Santa Maria Hoè, 17 ottobre 2011 - Padre Fausto Tentorio, il missionario del Pime di 59 anni originario di Santa Maria Hoè ucciso nelle Filippine, sapeva che per lui la situazione era difficile. Era già scampato ad un rapimento e ad un attentato. Per questo cercava di non spostarsi mai da solo e metteva in atto diversi accorgimenti per difendersi. In qualche modo però sentiva che per lui sarebbe finita male, tanto che coltivava personalmente una pianta di fiori che diceva avrebbero dovuto essere usati per la sua tomba. Ne parlava scherzando, ma quando il discorso si faceva serio ammetteva che per lui sarebbe potuta finire male.
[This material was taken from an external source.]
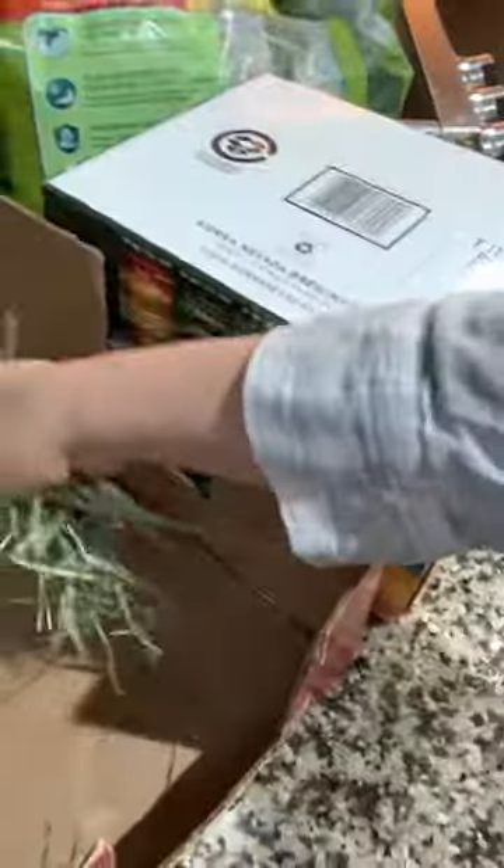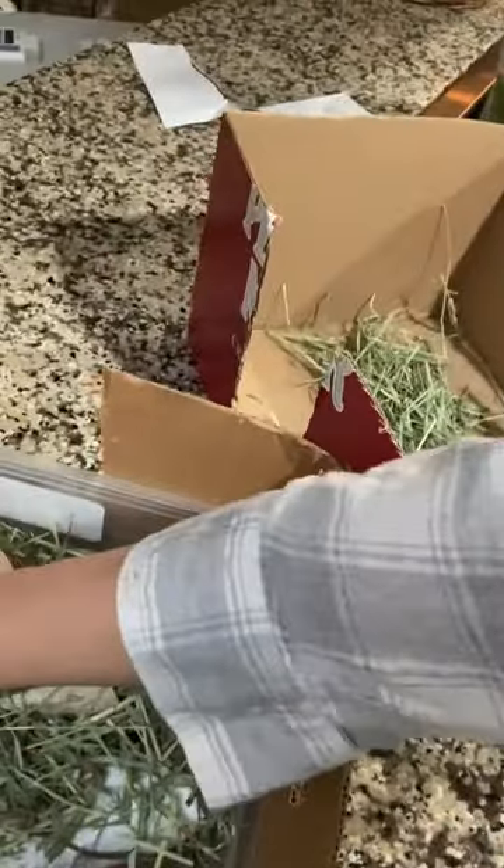What I do is I take the old hay out. This one's pretty destroyed, so I'm just going to toss this whole thing. This still has some good dry hay, so I'm going to save it. Then I'm going to rinse these out. I have a solution of half white vinegar and half water, and I'm going to spray them down and give them a good dry.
Non amava parlare del contesto pericoloso in cui svolgeva il suo incarico pastorale per evitare di destare preoccupazioni, ma anche il fratello Felice e la sorella Marinella insieme alla cognata Giuliana l’ultima volta che lo avevano ospitato a casa in Brianza, dove ogni tre anni trascorreva qualche mese di vacanza e riposo, avevano percepito che in qualche modo era turbato.

 

“Lui era riuscito a convincere le popolazioni locali ad abbandonare la vita nomade per diventare stanziali in modo che potessero beneficiare di scuola, sanità e assistenza - riferisceil fratello - Questo tuttavia dava fastidio ai grandi latifondisti che evidentemente gliel’avevano giurata. I musulmani e le guerre di religione non c’entrano nulla, è stato ammazzato perché difendeva i poveri da chi voleva controllare il territorio e sfruttarli”. I parenti hanno appreso la notizia alle 4 di notte, ora italiana. E’ stato riferito loro che due sicari, in moto, lo hanno crivellato di proiettili, alle gambe, alle braccia, al petto ed infine il colpo di grazia in testa: un vero e proprio agguato. Presso la villetta di via Villaggio Molgora, dove il religioso soggiornava quando tornava in patria sin dalle prime ore del mattino è cominciata una lunga processione di amici e conoscenti.

 

Tra i primi anche padre Giancarlo Bossi, il confratello rapito nel 2007 sempre nelle Filippine: “Ho perso un amico”, si è limitato a dire. Anche il Cardinale di Milano Angelo Scola ha voluto porgere le proprie condoglianze attraverso una telefonata. Questa sera, alle 20.30, nella chiesa di Rovagnate, si celebrerà una veglia funebre, mentre le esequie si svolgeranno ad Araka, a nord di Cotabato, in quella che per lui era diventata non solo la sua missione, ma la sua terra. Per questo, quando i superiori dopo l’agguato fallito e la morte di due confratelli gli avevano proposto di trasferirlo o che godesse di un anno di riposo in modo che le acque si calmassero, aveva rifiutato perché non voleva abbandonare coloro che lui indicava come la sua gente.